*Exercise prompt:*
Nothing but the lines from the one containing "ete ゴールド スネークチェーンブレスレット" through the end of the entries below should appear in your answer, transcribed exactly; please drop the pictures.
Records to use START
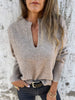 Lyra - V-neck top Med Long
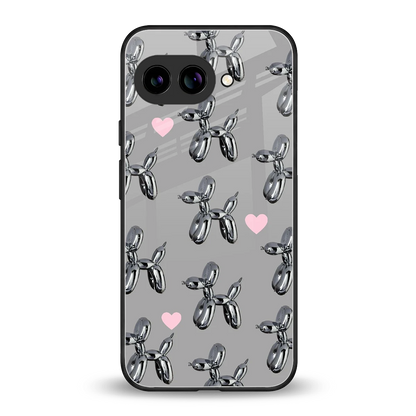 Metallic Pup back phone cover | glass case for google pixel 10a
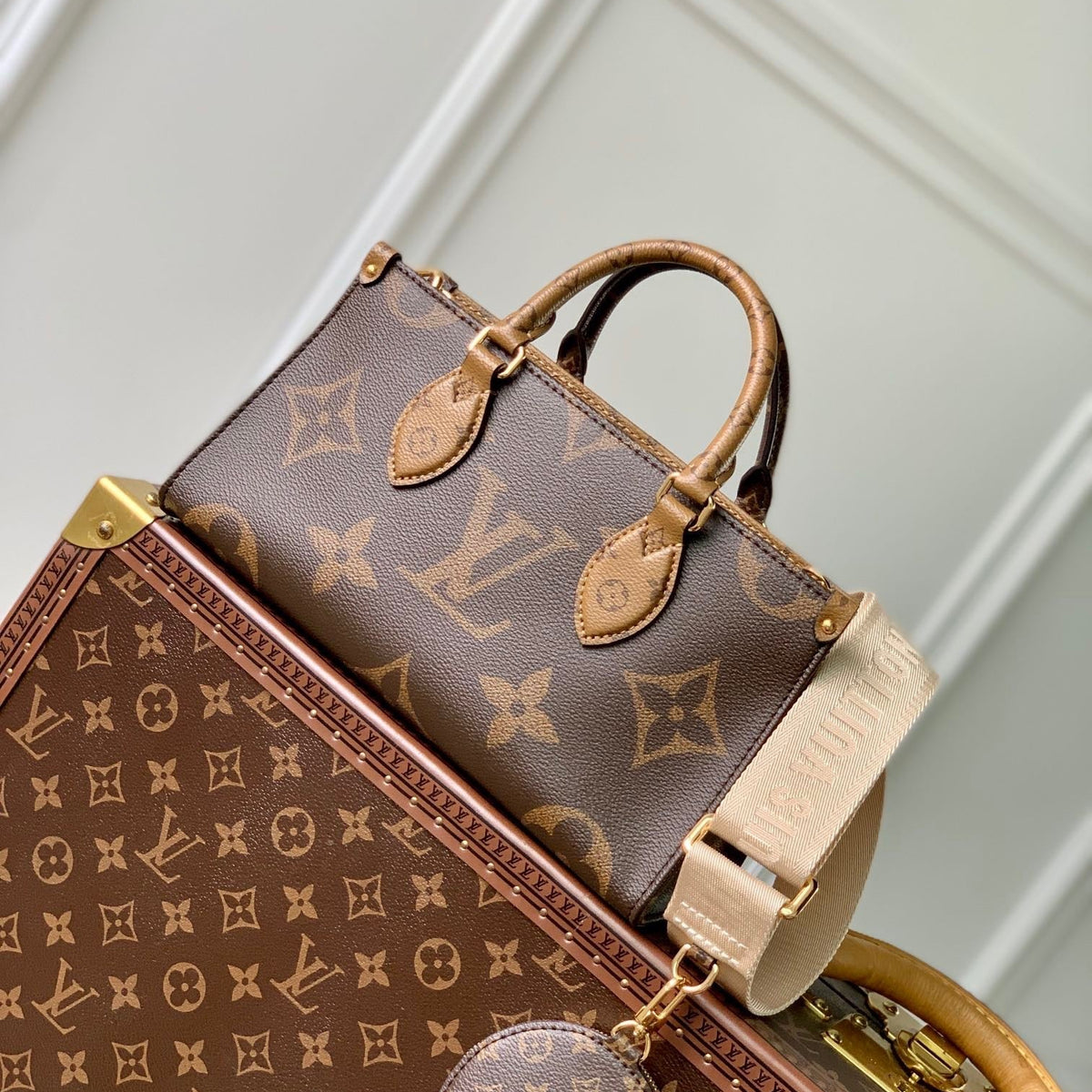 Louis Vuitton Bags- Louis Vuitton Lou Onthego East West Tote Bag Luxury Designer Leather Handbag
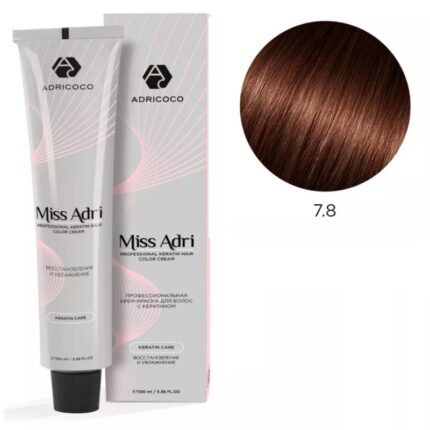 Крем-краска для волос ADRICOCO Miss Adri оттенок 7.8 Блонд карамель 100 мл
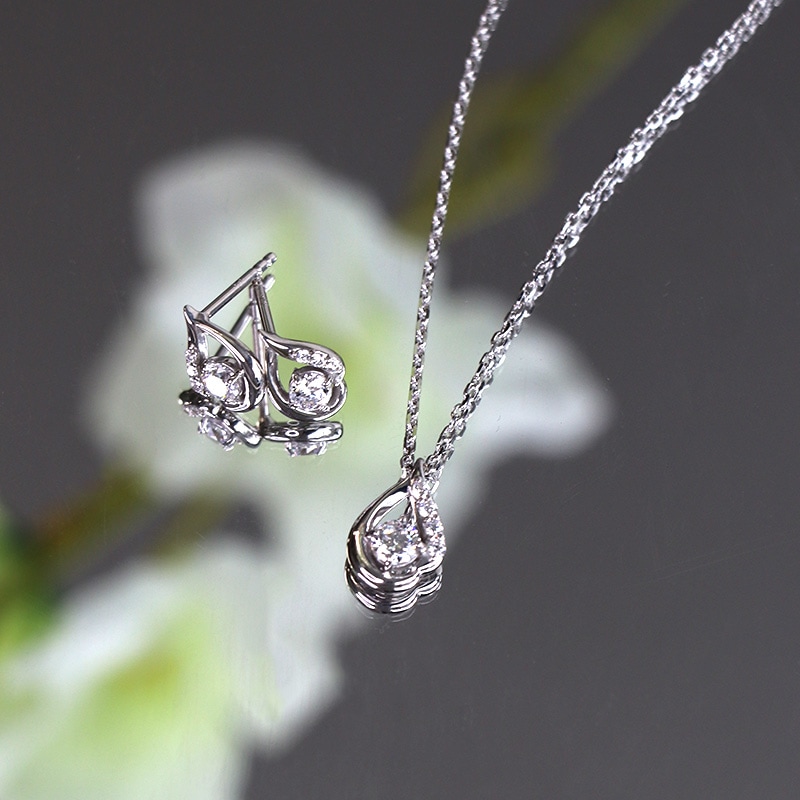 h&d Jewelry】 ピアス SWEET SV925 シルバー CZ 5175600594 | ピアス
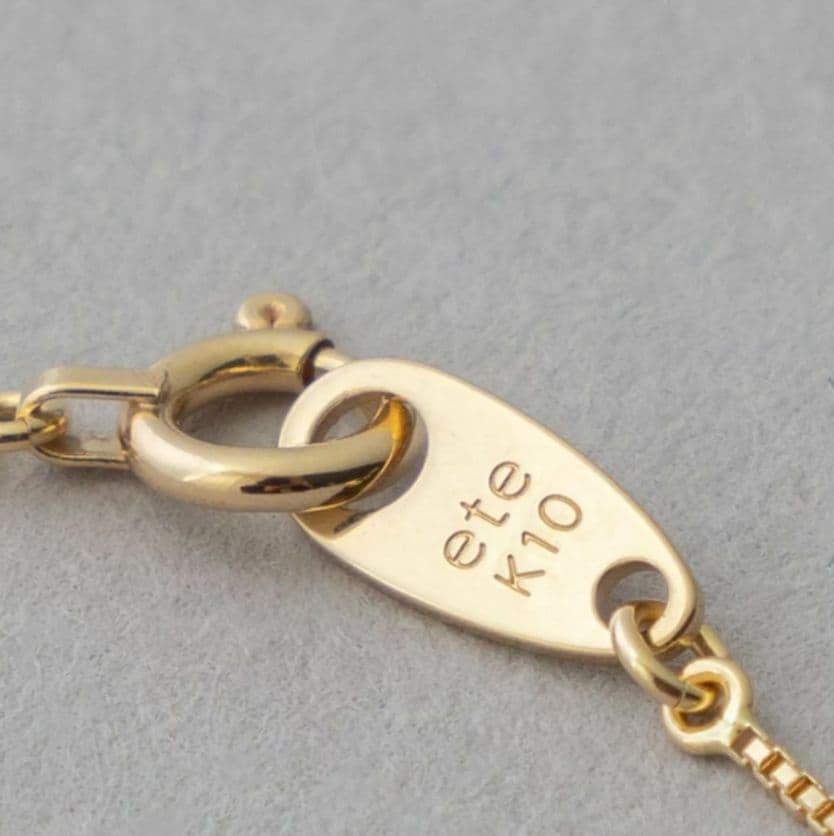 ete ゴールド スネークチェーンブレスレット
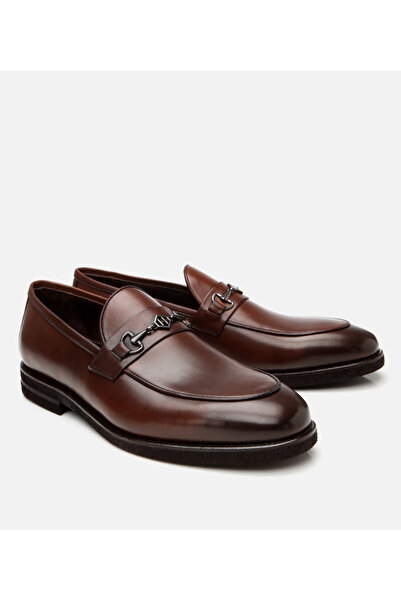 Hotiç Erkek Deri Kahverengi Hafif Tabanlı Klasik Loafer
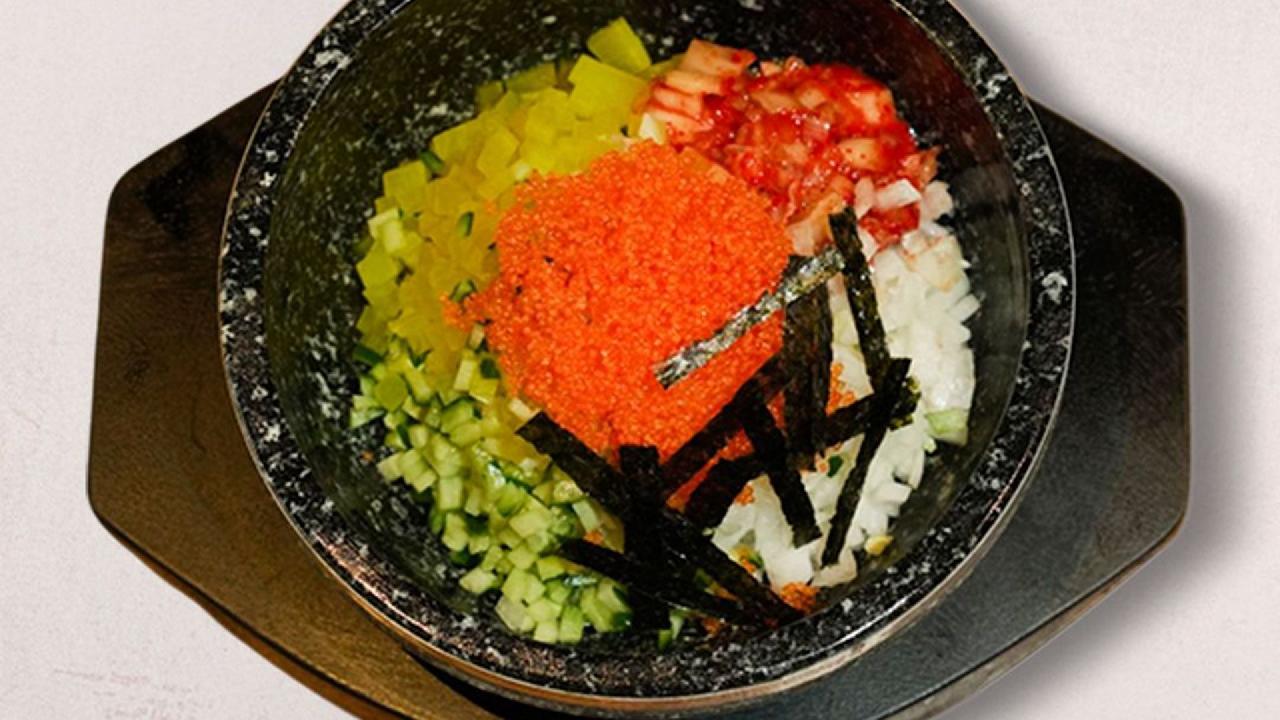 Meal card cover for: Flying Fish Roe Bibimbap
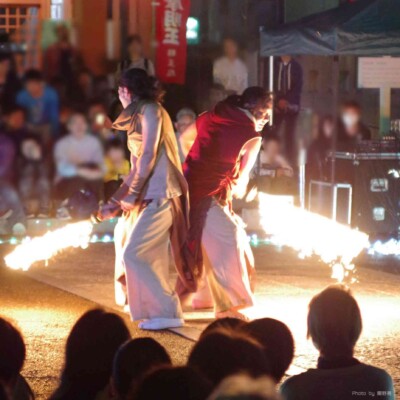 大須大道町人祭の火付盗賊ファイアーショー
Records to use END
*Worked solution:*
 ete ゴールド スネークチェーンブレスレット
 Hotiç Erkek Deri Kahverengi Hafif Tabanlı Klasik Loafer
 Meal card cover for: Flying Fish Roe Bibimbap
 大須大道町人祭の火付盗賊ファイアーショー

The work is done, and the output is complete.